The Credit Card Trap

Credit cards are a great boon for the consumer – used wisely. Otherwise credit cards can easily become a hassle, which turns into a significant headache, which can progress into a terrible nightmare.

When dicussing the issue of credit cards, a few cliches come to mind:

“There’s no free lunch.” “It makes a better servant than master.”

If you are an American you are acclimated to living in a sea of consumerism. The illusion of credit seems to make having what you want, when you want it, possible. Unfortunately, you can’t have your cake and eat it too – in the long run. A delinquent credit card balance with an interest rate approaching 30 percent can double in about two years without any payments, when late fees and other penalties are included. We have all heard horror stories about people with up to $100,000 and more in credit card debt, which only the most affluent people would be able to carry.

I have a personal formula that almost ensures that I will never be in debt. While your financial goals and lifestyle may not entail you wanting to include all of the elements of my plan, I’m sure that following some of them – and you may already be doing so – will help prevent you from falling into the credit card trap.

1) I only carry one credit card. (See my article about only carrying one credit card.) I don’t need more than one and anything I need a credit card for, I can obtain.

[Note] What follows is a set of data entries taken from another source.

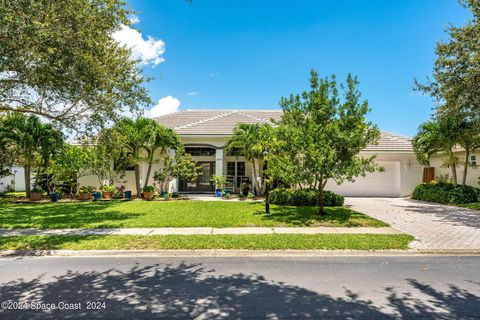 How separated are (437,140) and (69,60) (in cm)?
1886

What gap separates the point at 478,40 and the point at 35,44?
16583 mm

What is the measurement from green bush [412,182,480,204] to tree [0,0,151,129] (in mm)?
17093

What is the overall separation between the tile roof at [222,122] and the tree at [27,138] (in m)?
7.89

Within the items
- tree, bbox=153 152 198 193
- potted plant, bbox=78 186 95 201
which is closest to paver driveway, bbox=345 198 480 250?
tree, bbox=153 152 198 193

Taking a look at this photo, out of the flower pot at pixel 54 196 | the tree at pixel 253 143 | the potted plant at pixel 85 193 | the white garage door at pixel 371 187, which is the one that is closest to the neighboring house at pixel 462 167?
the white garage door at pixel 371 187

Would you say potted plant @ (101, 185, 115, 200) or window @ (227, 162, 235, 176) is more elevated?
window @ (227, 162, 235, 176)

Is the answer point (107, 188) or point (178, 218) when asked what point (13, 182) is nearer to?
point (107, 188)

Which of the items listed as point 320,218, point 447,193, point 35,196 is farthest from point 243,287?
point 35,196

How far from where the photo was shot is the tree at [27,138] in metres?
16.8

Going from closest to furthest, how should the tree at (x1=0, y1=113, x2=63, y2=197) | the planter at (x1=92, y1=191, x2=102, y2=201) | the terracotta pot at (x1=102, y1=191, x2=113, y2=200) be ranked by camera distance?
the tree at (x1=0, y1=113, x2=63, y2=197), the planter at (x1=92, y1=191, x2=102, y2=201), the terracotta pot at (x1=102, y1=191, x2=113, y2=200)

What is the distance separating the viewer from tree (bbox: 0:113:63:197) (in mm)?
16766

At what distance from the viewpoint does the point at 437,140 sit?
55.2 feet

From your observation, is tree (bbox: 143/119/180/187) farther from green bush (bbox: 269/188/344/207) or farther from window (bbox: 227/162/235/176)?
green bush (bbox: 269/188/344/207)

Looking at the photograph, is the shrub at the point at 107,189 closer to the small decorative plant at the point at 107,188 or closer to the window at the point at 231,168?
the small decorative plant at the point at 107,188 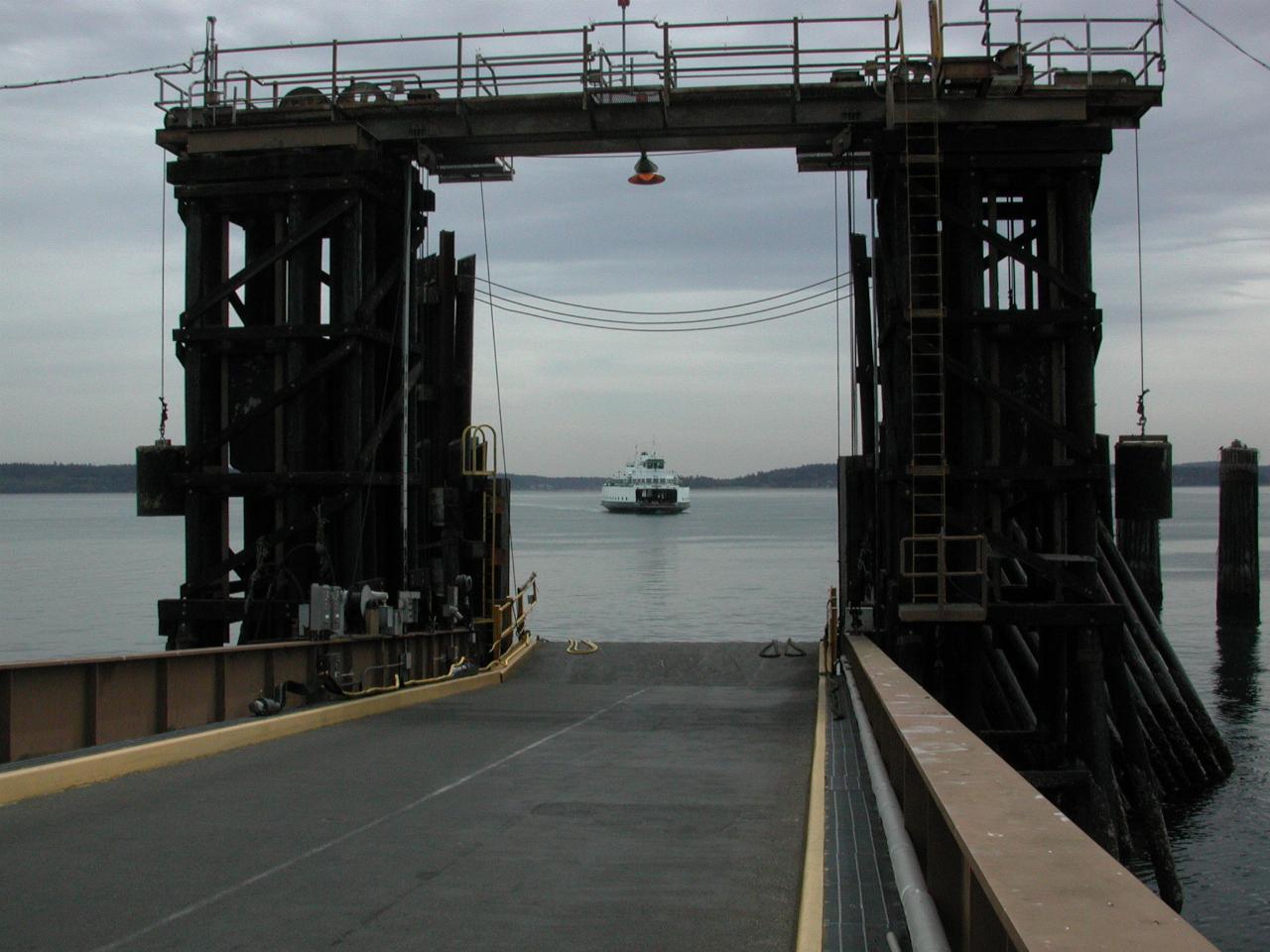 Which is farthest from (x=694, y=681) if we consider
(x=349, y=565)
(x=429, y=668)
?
(x=349, y=565)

2) The limit on my card is relatively low and I have not asked for a higher limit. It’s pointless to have a $20,000 limit – or higher – on your credit card. If you need that much money, obtain a loan from a bank. If you can’t obtain a bank loan, seriously consider whether you should be borrowing via your credit card.

3) I called my credit card company and asked for a lower interest rate on my card (see my article about asking for a lower interest rate for details about what happened). Interest rates are historically low and you can “vote with your feet” if your credit card company won’t play nice and lower your interest rate.

4) If I charge anything I make sure I have enough cash to pay off the balance and I have never paid any interest charges on a credit card (see my article about paying cash for everything). You can pay interest on your credit card, or use the money you would have paid in interest to buy necessities, luxuries, or anything else you want.

5) I have a savings account that I opened over the Internet with at least six months of living expenses, which is my emergency money. I use that as my credit card, and only in urgent circumstances. Best part of that deal? I charge myself 0% interest. (Economics nerds would point out the opportunity cost, which is irrelevant if you need food or gas very badly.)

Part of a healthy financial plan includes spending money as well as saving it. It takes discipline and looking at the big picture to resist the credit card trap. Credit card companies make so much money because consumers serve them, not the other way around, as it should be.